• Data to process
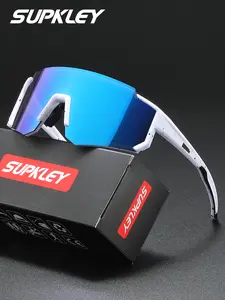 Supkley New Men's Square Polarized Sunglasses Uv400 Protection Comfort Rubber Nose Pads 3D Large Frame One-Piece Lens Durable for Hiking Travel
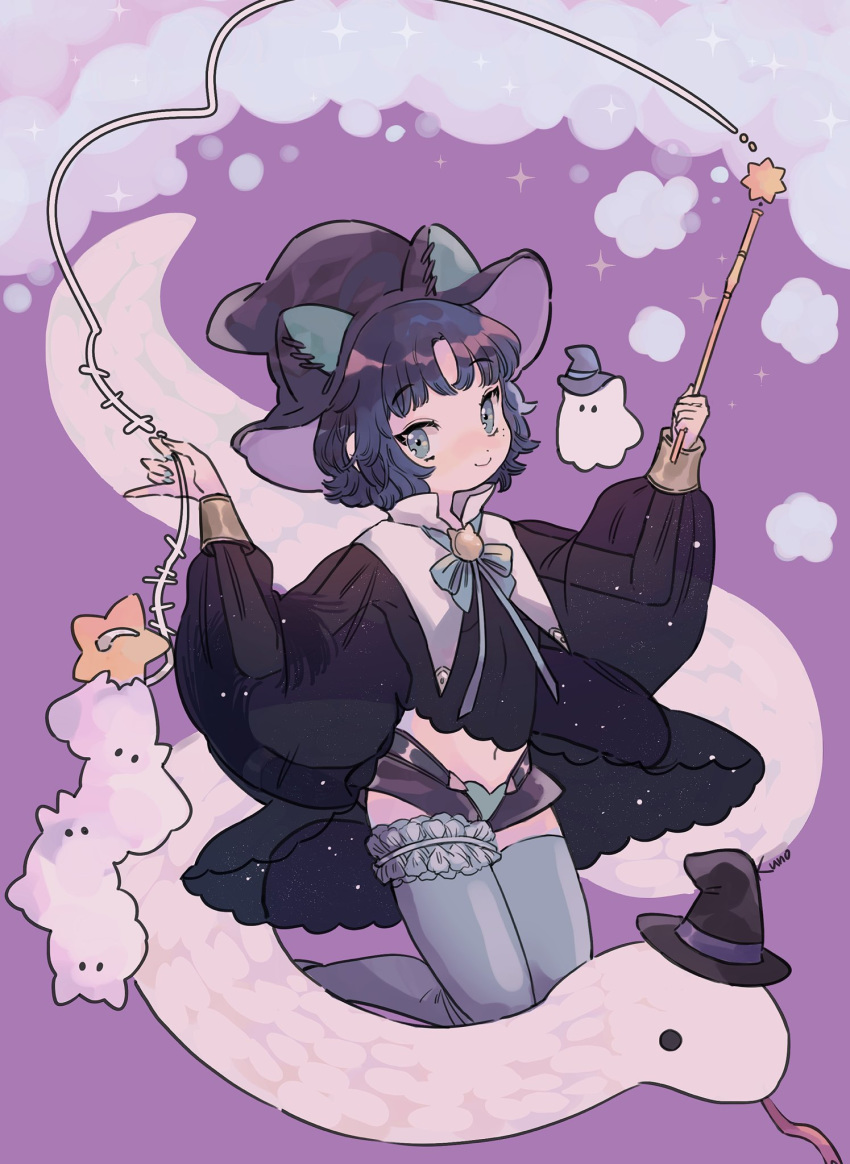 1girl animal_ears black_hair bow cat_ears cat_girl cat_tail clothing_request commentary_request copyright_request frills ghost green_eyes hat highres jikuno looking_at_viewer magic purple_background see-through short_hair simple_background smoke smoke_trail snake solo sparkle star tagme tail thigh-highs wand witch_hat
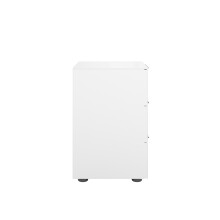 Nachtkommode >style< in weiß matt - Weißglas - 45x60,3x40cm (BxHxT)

--

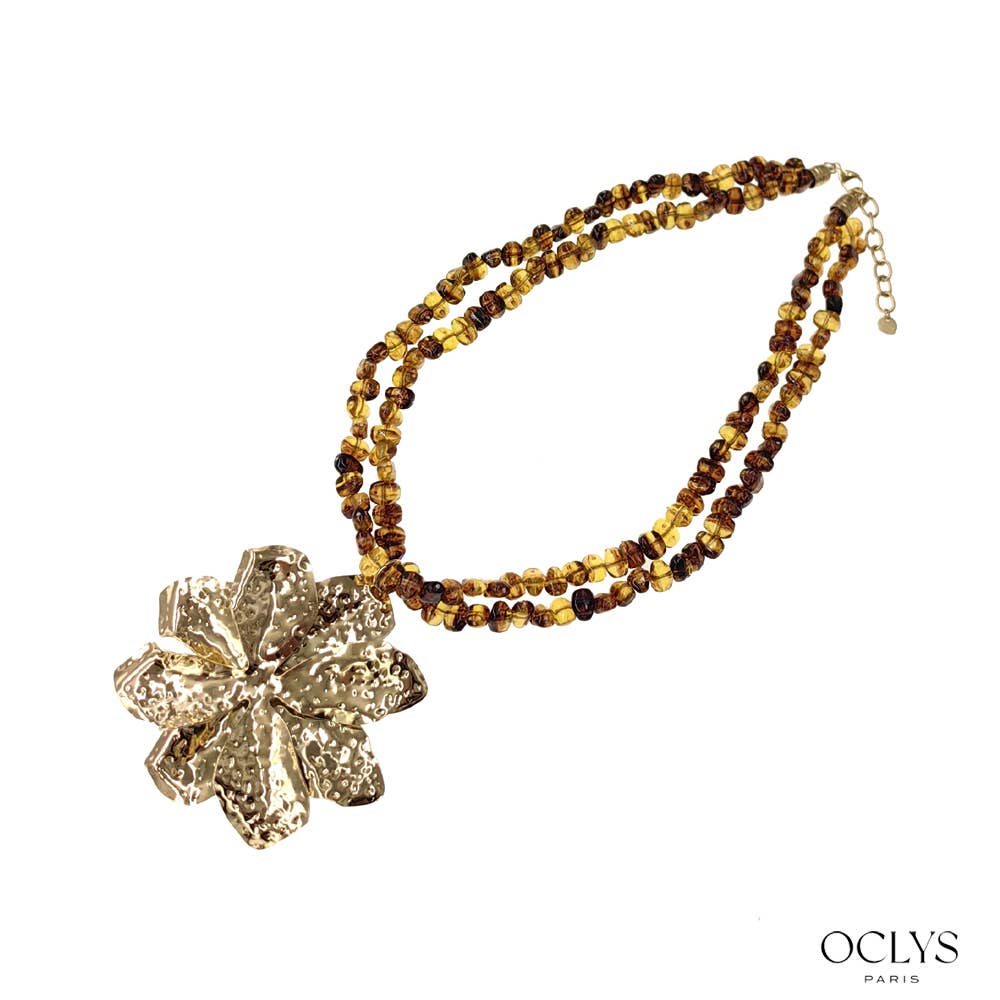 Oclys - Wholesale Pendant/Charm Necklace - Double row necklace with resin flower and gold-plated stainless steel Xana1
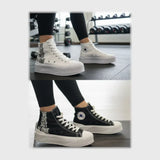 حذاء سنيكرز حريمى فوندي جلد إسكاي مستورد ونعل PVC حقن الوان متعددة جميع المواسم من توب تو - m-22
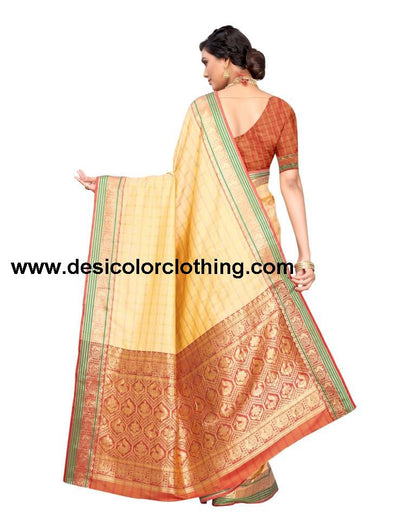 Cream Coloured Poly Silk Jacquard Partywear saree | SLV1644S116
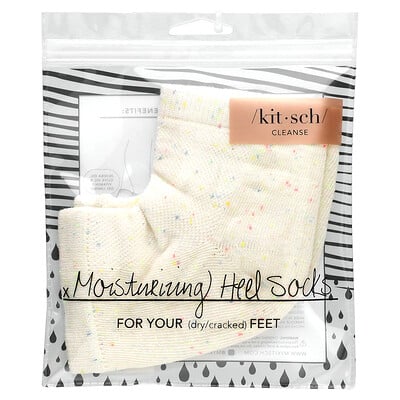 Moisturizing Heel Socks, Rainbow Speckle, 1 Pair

• Task details
Nothing outside the stretch above, from the line with "Cream Coloured Poly" through the line with "Moisturizing Heel Socks, Rainbow", is set down. Transcribe that stretch exactly, ends included, but not its pictures.

• Exercise solution
 Cream Coloured Poly Silk Jacquard Partywear saree | SLV1644S116
 Moisturizing Heel Socks, Rainbow Speckle, 1 Pair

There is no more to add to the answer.